What you are asked to do. Could you transcribe every record below exactly as written, excluding the pictures?

────

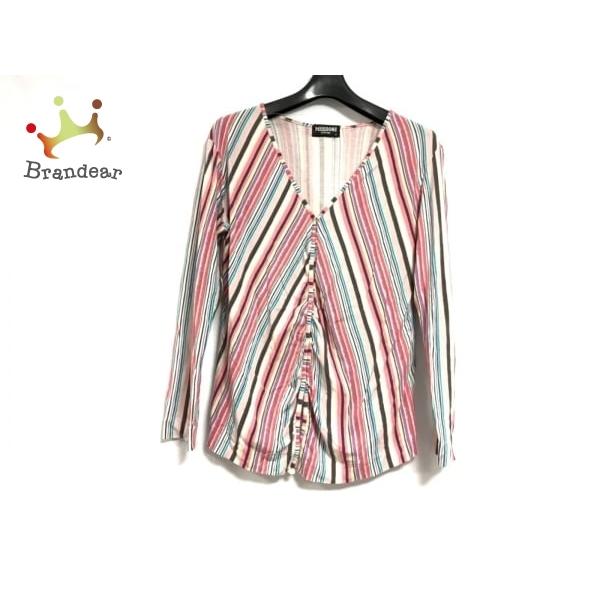 最安値に挑戦 ミッソーニ Missoni カーディガン サイズm レディース 訳あり ライトピンク レッド マルチ スペシャル特価 レビューで送料無料 Www Technet 21 Org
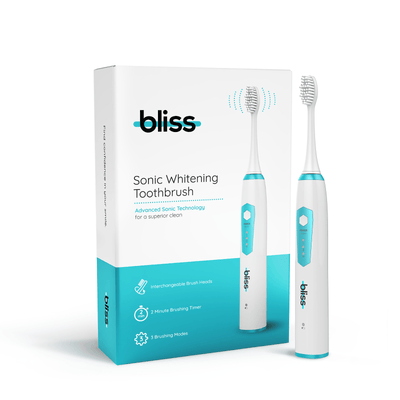 Sonic Whitening Toothbrush Toothbrush Bliss Oral Care   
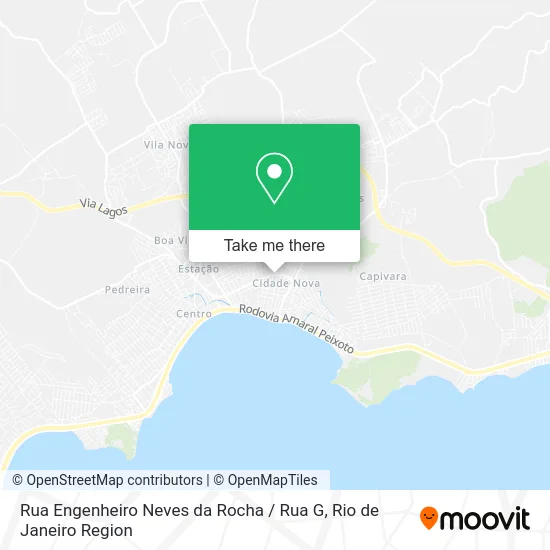 Rua Engenheiro Neves da Rocha / Rua G map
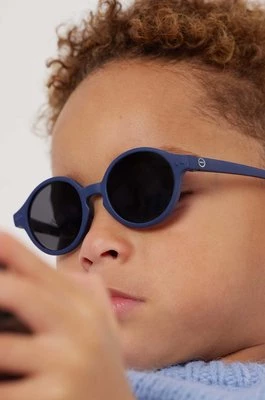 IZIPIZI okulary przeciwsłoneczne dziecięce KIDS #d kolor granatowy #d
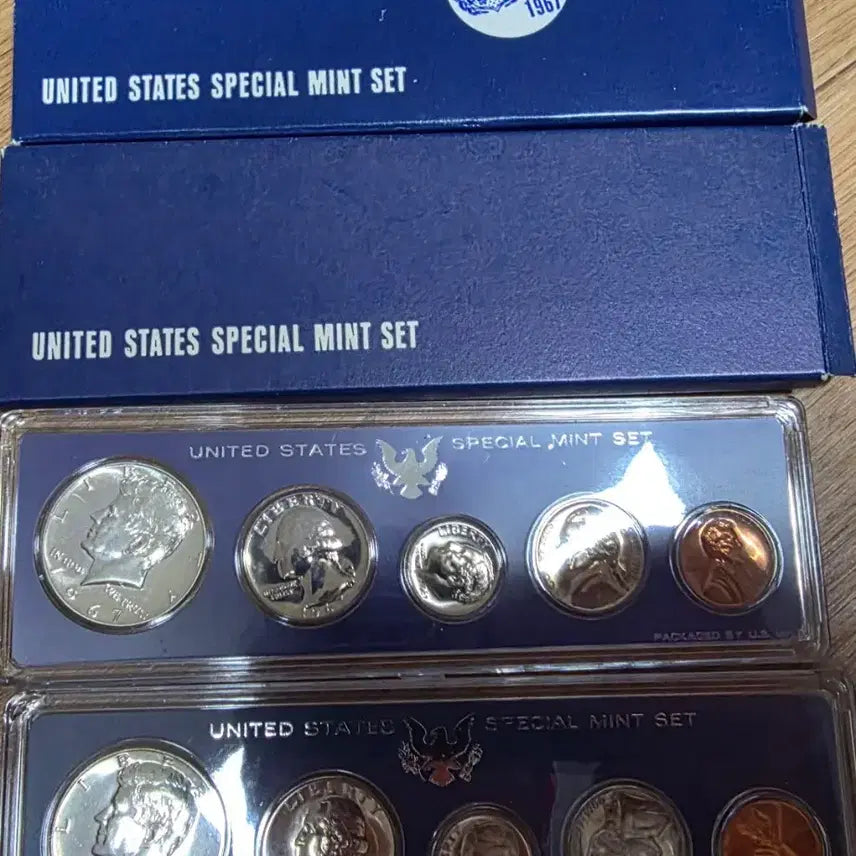 [BUNJANG] 1967 US Special Mint Set / 1967 미국 특수 주화 민트 세트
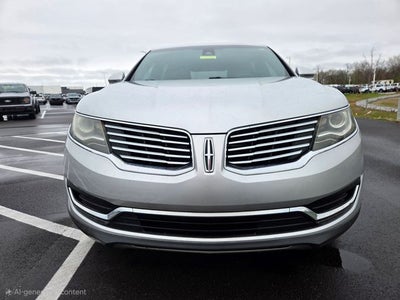 2017 Lincoln MKX Select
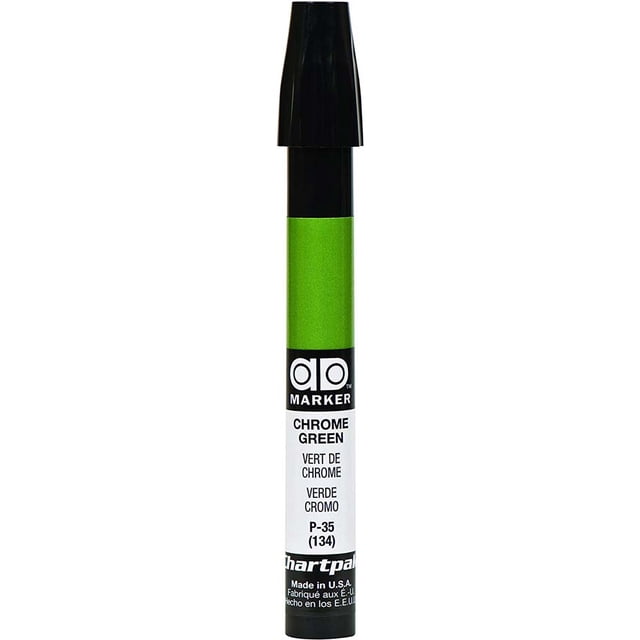 Marcador Profesional Chartpak Chrome Green (P35) Chartpak P35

────

Exercise answer.
 最安値に挑戦 ミッソーニ Missoni カーディガン サイズm レディース 訳あり ライトピンク レッド マルチ スペシャル特価 レビューで送料無料 Www Technet 21 Org
 Sonic Whitening Toothbrush Toothbrush Bliss Oral Care   
 Rua Engenheiro Neves da Rocha / Rua G map
 IZIPIZI okulary przeciwsłoneczne dziecięce KIDS #d kolor granatowy #d
 [BUNJANG] 1967 US Special Mint Set / 1967 미국 특수 주화 민트 세트
 2017 Lincoln MKX Select
 Marcador Profesional Chartpak Chrome Green (P35) Chartpak P35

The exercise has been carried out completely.